» **TASK DESCRIPTION**
Leaving the pictures aside, return the listing exactly as it appears.

» **INFORMATION SUPPLIED**
-.-.-

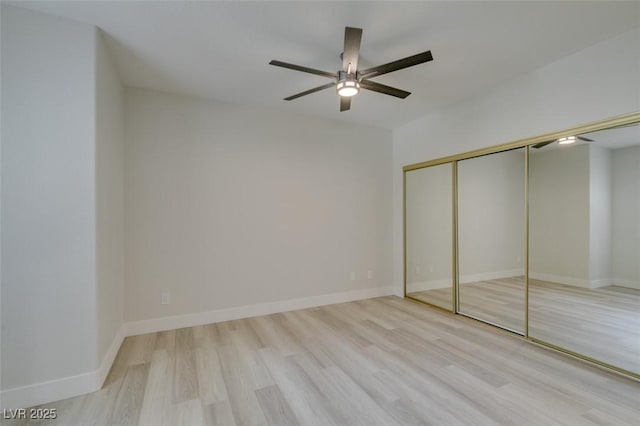 unfurnished bedroom featuring a closet, wood finished floors, and baseboards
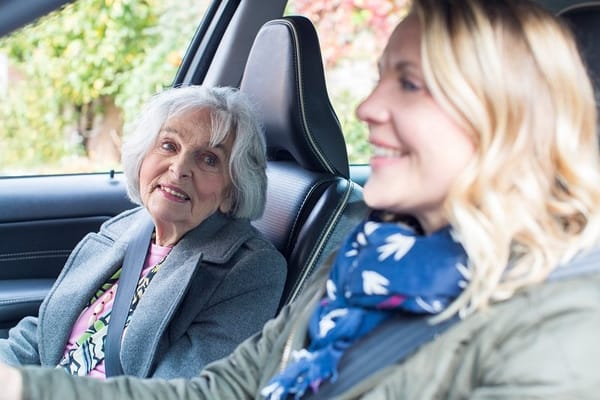 Senior woman smiling in a car with caregiver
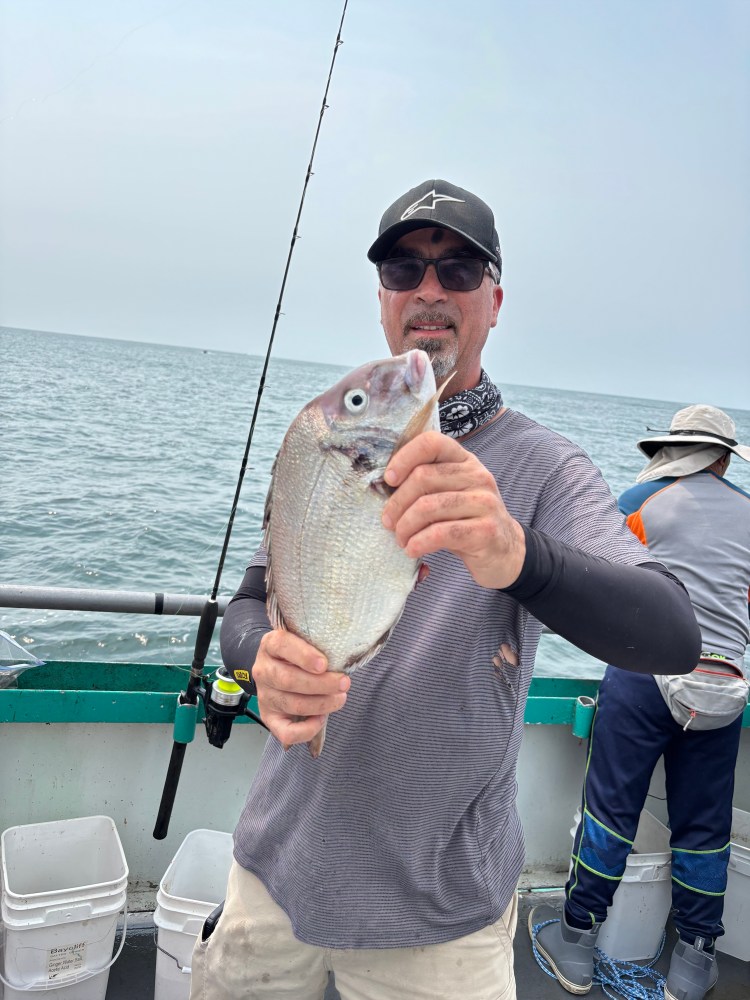 Man on boat holding a fish with ocean background.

-.-.-

» **OUTPUT FOR THIS TASK**
 unfurnished bedroom featuring a closet, wood finished floors, and baseboards
 Senior woman smiling in a car with caregiver
 Man on boat holding a fish with ocean background.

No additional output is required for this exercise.